In-brief: DVRs pre-programmed with a list of date-specific master passwords that leaked online may have ties back to Xiongmai Technologies, the same firm whose software was compromised by the Mirai botnet.
The use of hard-coded administrator passwords is an oft-cited security mistake. Companies that make security cameras, digital video recorders, medical devices or industrial equipment have all been caught doing it. And the reasons are simple: technicians want an easy way to access and trouble shoot customer systems.
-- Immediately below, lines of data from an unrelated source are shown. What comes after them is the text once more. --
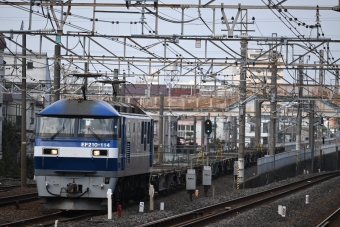 JR貨物 EF210形 EF210-114 鉄道フォト・写真 by 無二似さん 馬橋駅 (JR)：2024年03月17日14時ごろ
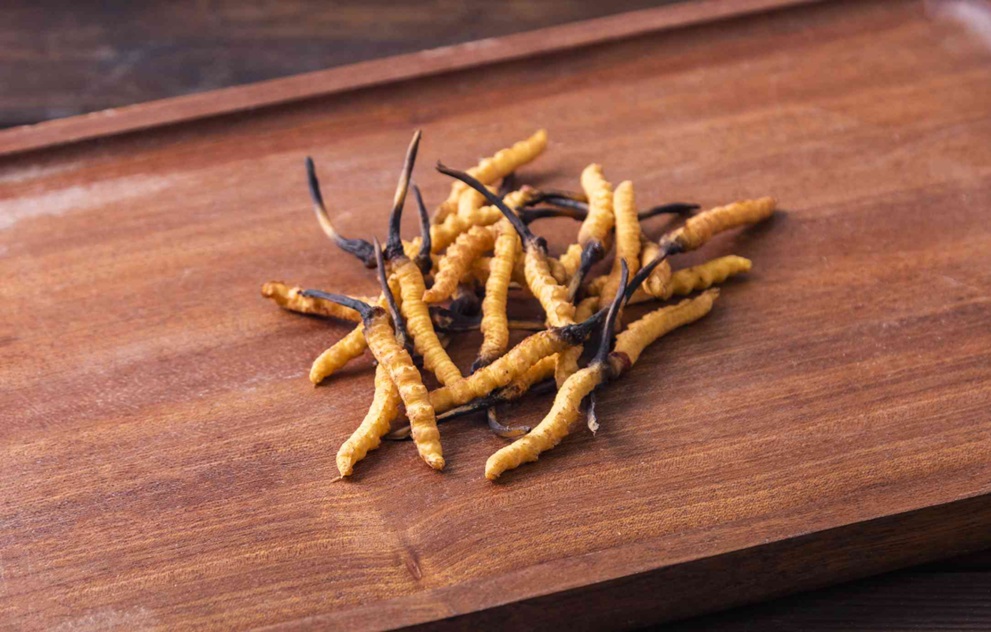 Cordyceps Supplement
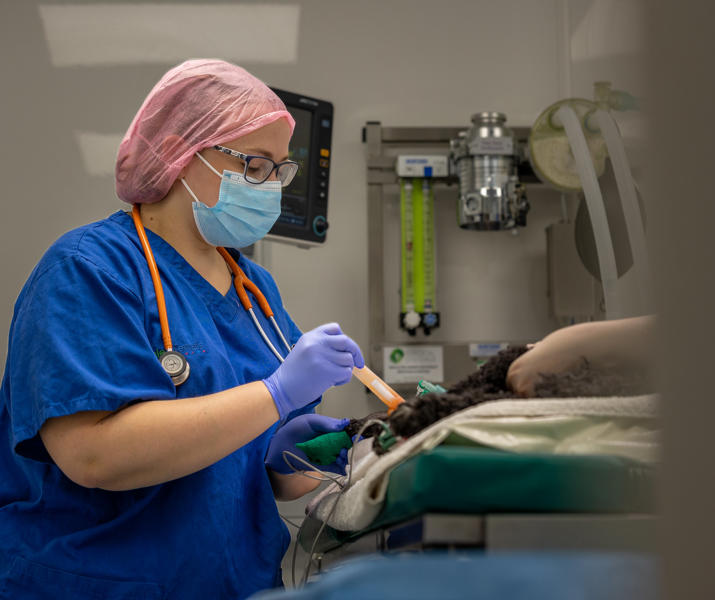 Hannah Smith Working In Veterinary Surgery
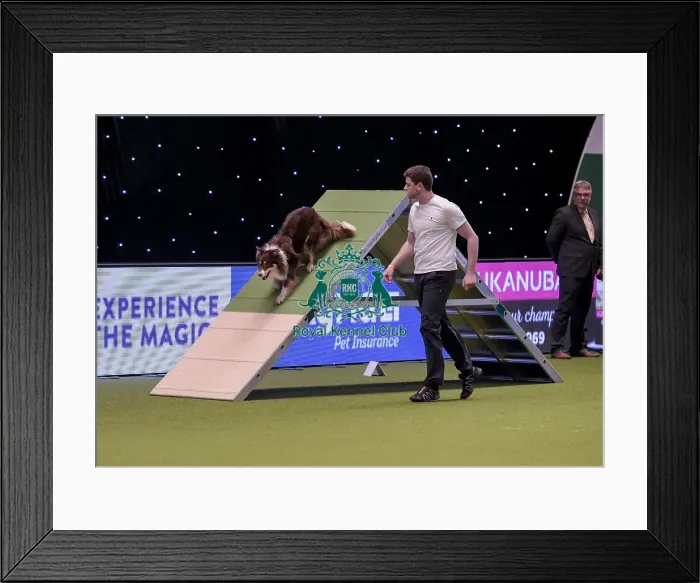 Framed Print : Crufts 2019 - Day One, NEC, UK - 7 Mar 2019 Framed Print : Crufts 2019 - Day One, NEC, UK - 7 Mar 2019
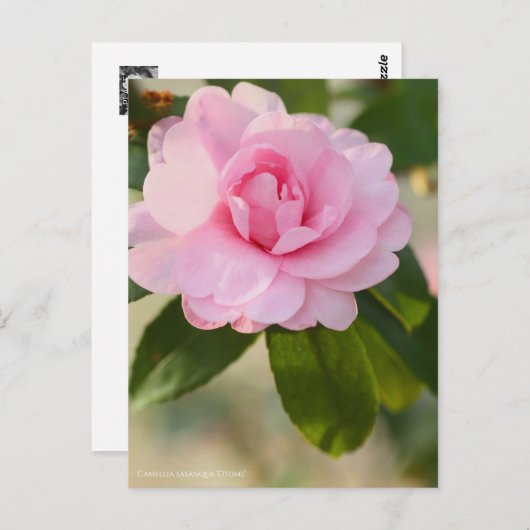 Camellia sasanqua "Otome" (Briefkaart) Briefkaart (Voorkant / Achterkant)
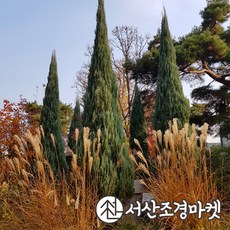 블루애로우 나무 묘목 키120cm 싸이프러스 서산조경마켓, 10개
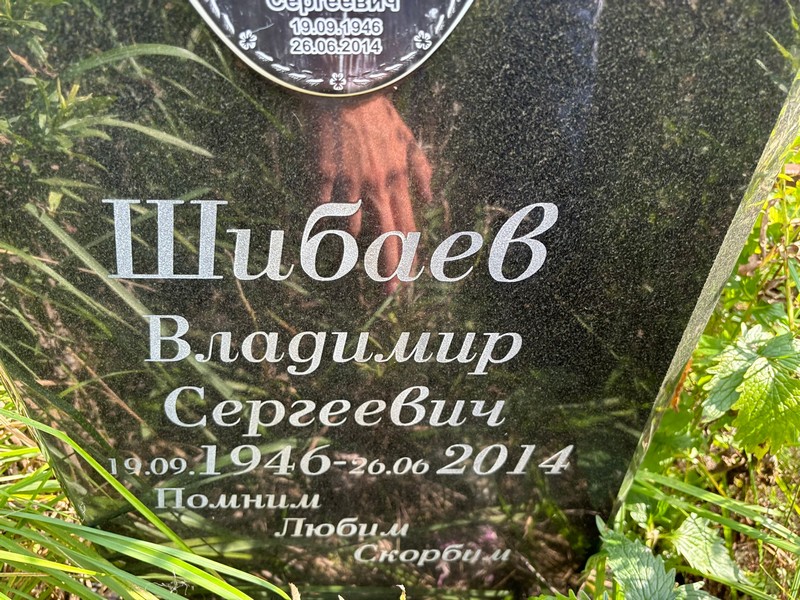 Шибаев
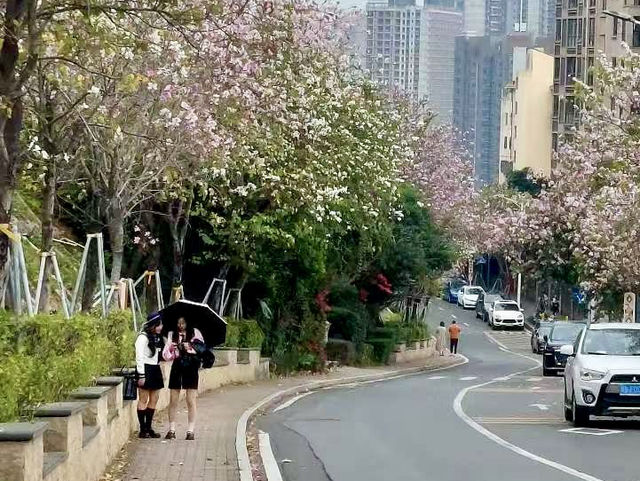 ✨深圳華英路景觀公園🌸赤灣櫻花園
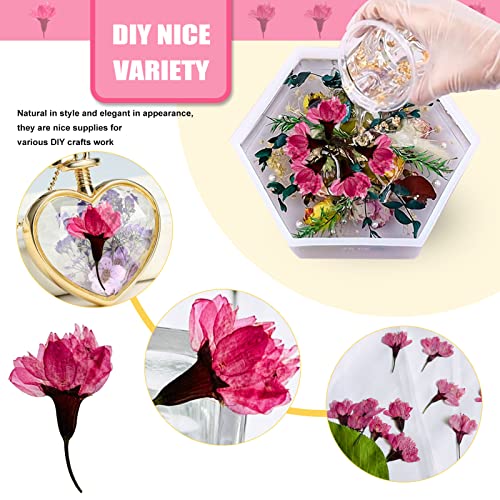Flores secas de cerezo rosa intenso para manualidades 60PCS miniatura 2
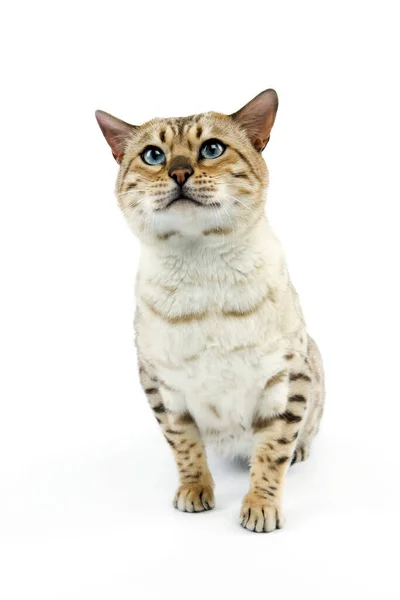 Seal Mink Tabby Bengala Doméstico Gato Masculino Com Olhos Azuis — Fotografia de Stock
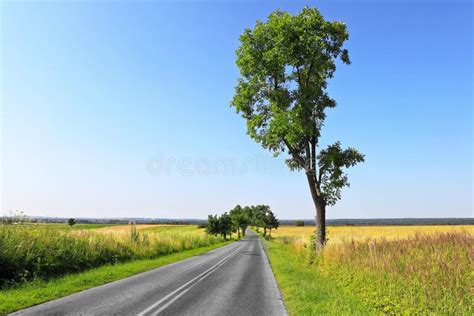 Summer Country Road Stock Image Image Of Highway Movement 27191881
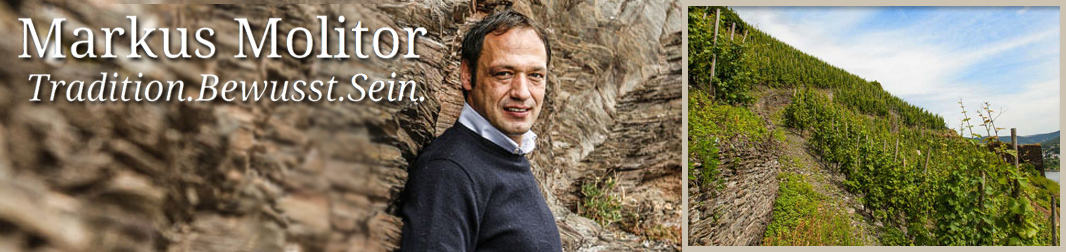 Markus Molitor Mosel Schiefersteil Haus Klosterberg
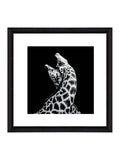 Brookpace Lascelles In Love wall art frame 40x40cm - British product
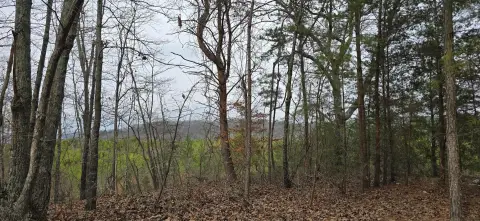 Unrestricted Land Near Sloppy Floyd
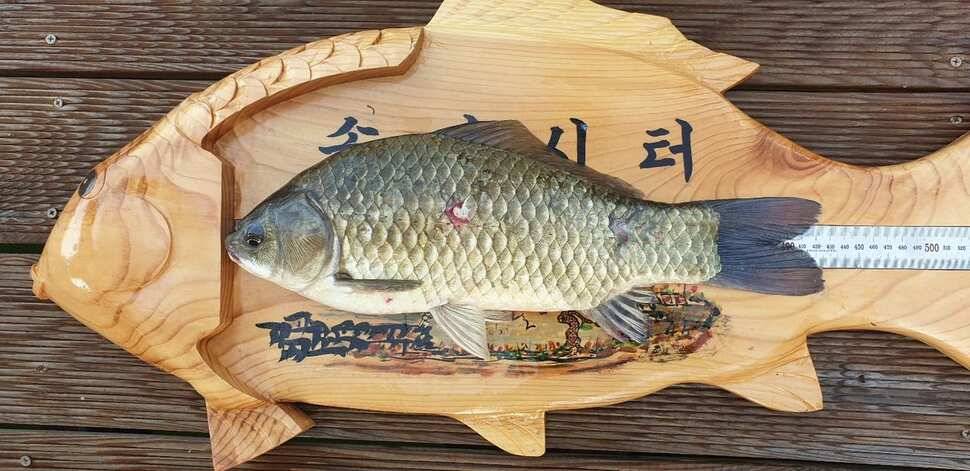 솔 42 43cm 대물붕어 목벌에도 4짜 꽃바위 키로급장어 허리급 붕어조황 (조황조행기 - 특파원조황)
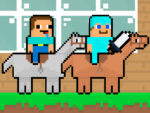Acemi vs Profesyonel HorseCraft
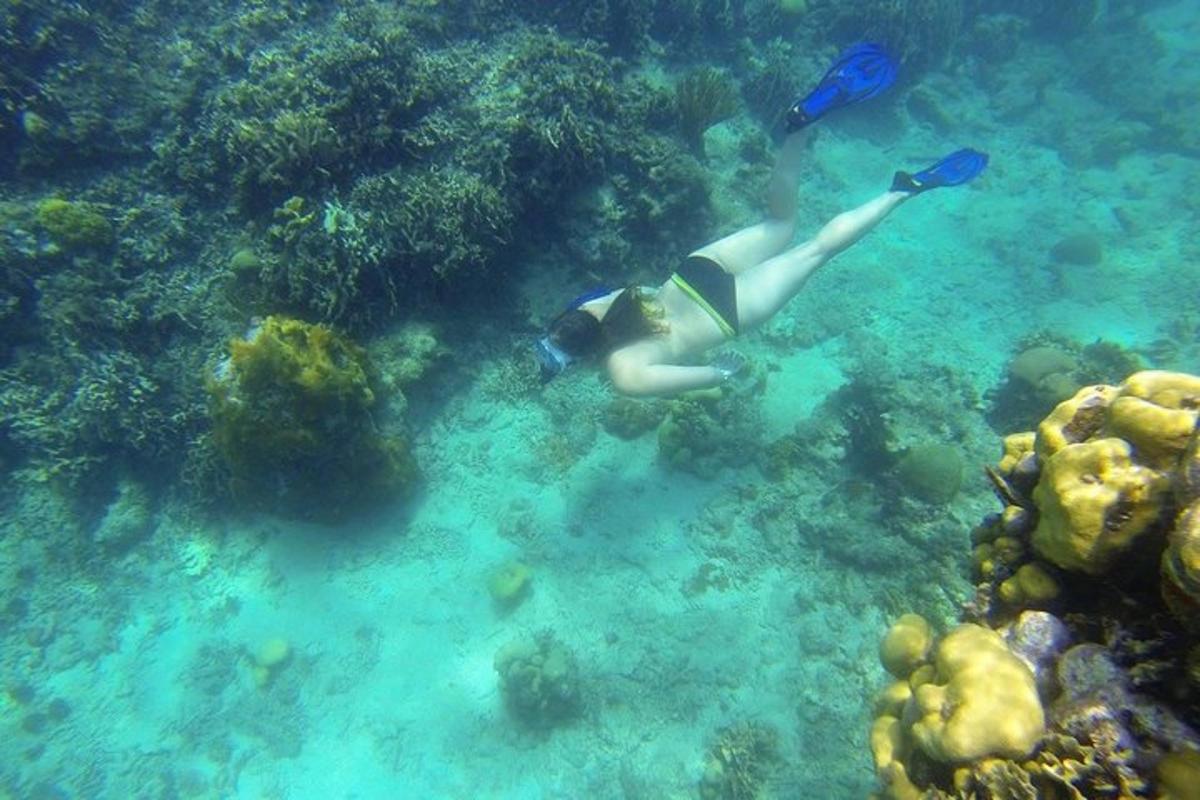 una persona sta nuotando nell'acqua dell'oceano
The problem is: hard-coded credentials end up being a master-key that can unlock any exposed device. There have been many remedies for the hard-coded password problem. One recommendation is for manufacturers to use per-device passwords that are set during manufacturing. The password can be printed on a sticker affixed to the device or the documentation. Sure, that’s not very secure, but knowing the password only gives you access to one device – not 100,000 devices, as we saw with the Mirai botnet.
Another approach may be to have passwords that change every 24 hours. That way attackers would need to know the right password on a given day. Such a scheme also prevents brute force attacks – given that attackers would only have 24 hours to guess the right password before it changes.
The problem with per-day passwords, however, is distributing the new passwords to all your customers or field technicians, while keeping the list of passwords from falling into the wrong hands. Needless to say: a grid showing what the password is for any given day on the calendar is a real asset to both technicians and would-be hackers.
Exhibit 1: closed circuit TV and DVR vendor ZYSecurity of China, which let slip a full year’s worth of pre-programmed passwords, which were discovered posted on a LinkedIn page
Ken Munro and folks over at Pen Test Partners in the UK dug a bit deeper into the incident, noting that the same list of credentials isn’t specific to ZYSecurity. They appear elsewhere on the web, too – though under different labels. You can find a copy over at the Brazilian website for a company called Luxvision, for example. Most of these sites are for resellers – local firms that sell, install and maintain closed circuit TV cameras and recorders.
But what about the hardware and software? Pen Test Partners noted that a common thread is a cloud based monitoring service called XMEye (xmeye.net), which ZY Security offers, allowing remote users to access DVR video streams via desktop or mobile applications. That “XM” bit, Pen Test Partners notes, appears to refer to XiongMai – as in the Hangzhou XiongMai Information Technology Company. And if that name doesn’t sound familiar, you haven’t been doing your IoT security homework. XiongMai, we know, was the China-based software vendor whose firmware powered the cameras and DVRs in the Mirai botnet a few months back.
It’s not clear what the connection is between XiongMai and the XMEye service and vendors like ZySecurity, beyond the fact that the latter relies on software made and marketed by the former. Also unclear is whether the master passwords that have leaked can be used to remotely access the affected DVRs, or whether a user would need to access the devices on a local network (a higher bar to clear for hackers). Finally, it is not known which DVR makes and models contain the vulnerable software for which the master passwords were created. But there may well be many, sold under many different brand names. The XMEye service and mobile applications are recommended by vendors in North America as well as Europe and Asia. Whether those vendors are simply OEM’ing XiongMai DVRs and cameras, or just XiongMai’s XMEye service is unclear.
The whole mess points to the messy and fragmented nature of the global IoT supply chain. We’re not the first to observe this. The folks at Quartz wrote about the difficulty of tracking down the ingredients that make it into IoT sausages (like CCTV cameras). noted this (by way of a fine article in Quartz) before. The issue came up earlier this month, also, when Barnes and Noble was observed to be running suspect firmware from the firm Shanghai Adups Technology Co. Ltd. (ADUPS) in low-cost Nook tablets.
ADUPS software is used to update and manage mobile devices including smart phones and tablets. As reported by The Security Ledger, an earlier version of ADUPS software running on low-cost Android phones sold under the Miami-based BLU brand were observed sending user and device information to servers in China at regular, 72 hour intervals, according to Azzedine Benameur, a researcher at Kryptowire.